La reforma de ley propone elevar de 20 a 32 el total de jueces en la alta corte, en medio de cuestionamientos de la bancada opositora por la celeridad del proceso y advertencias de organizaciones civiles.
La Asamblea Nacional (AN) dio luz verde este martes 5 de mayo, en su primera discusión plenaria, a un proyecto de reforma legal destinado a reestructurar la composición del Tribunal Supremo de Justicia (TSJ). La propuesta busca incrementar la plantilla de magistrados de 20 a 32 integrantes.
El presidente del Legislativo, Jorge Rodríguez, fundamentó la medida como parte de un proceso para alcanzar una «transformación profunda» del sistema judicial venezolano.
Detalles de la reconfiguración judicial
La reforma se centra específicamente en la modificación del artículo 8 de la ley vigente para redistribuir el número de jueces por cada sala:
Salas de Casación (Civil, Penal y Social), Electoral y Político-Administrativa: Pasarían de tres a cinco magistrados cada una.
Sala Constitucional: Se integraría por siete magistrados, sumando dos a su composición actual de cinco.
Este movimiento legislativo coincide con el proceso de selección que adelanta la AN para cubrir las vacantes generadas por renuncias y jubilaciones en el máximo tribunal.

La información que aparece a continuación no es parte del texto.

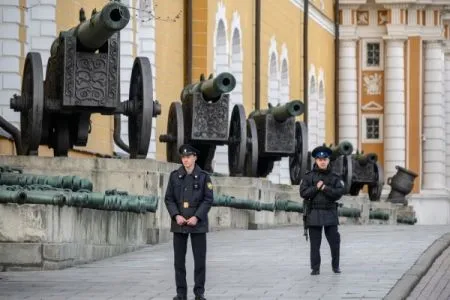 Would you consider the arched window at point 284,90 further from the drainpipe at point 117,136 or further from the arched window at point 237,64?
the drainpipe at point 117,136

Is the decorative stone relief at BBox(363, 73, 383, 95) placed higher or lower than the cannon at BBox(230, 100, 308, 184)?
higher

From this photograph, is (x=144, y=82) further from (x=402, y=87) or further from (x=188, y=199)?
(x=402, y=87)

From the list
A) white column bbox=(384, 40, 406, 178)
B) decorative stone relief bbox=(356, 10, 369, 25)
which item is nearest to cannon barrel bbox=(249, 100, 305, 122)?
white column bbox=(384, 40, 406, 178)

Reacciones y críticas parlamentarias
El bloque opositor, representado por el diputado Tomás Guanipa, manifestó su rechazo a la forma en que se presentó el proyecto. Guanipa denunció que el texto fue entregado apenas una hora antes del inicio de la sesión, impidiendo un debate técnico y consensuado.
“Este no es un tema ni de cargos ni de nombres, sino de un sistema completamente corrompido”, afirmó Guanipa al salvar su voto, exigiendo una discusión transparente frente al país.
Ante estos señalamientos, el diputado Jorge Rodríguez instó a la bancada oficialista a evitar confrontaciones, calificando las posturas opositoras como «maniqueísmo».
Preocupación de la sociedad civil
La organización no gubernamental Provea también se pronunció sobre el tema, subrayando que cualquier reforma judicial debe estar sujeta a una selección de magistrados apegada a la Constitución. La ONG alertó sobre el riesgo de que estos cambios respondan únicamente a agendas políticas externas, dejando fuera la participación de la academia, las víctimas y los organismos internacionales.
Este debate se produce apenas semanas después de que el Ejecutivo instalara una comisión para la reforma de la justicia penal, con el fin de combatir el retardo procesal y la corrupción que afectan al sistema.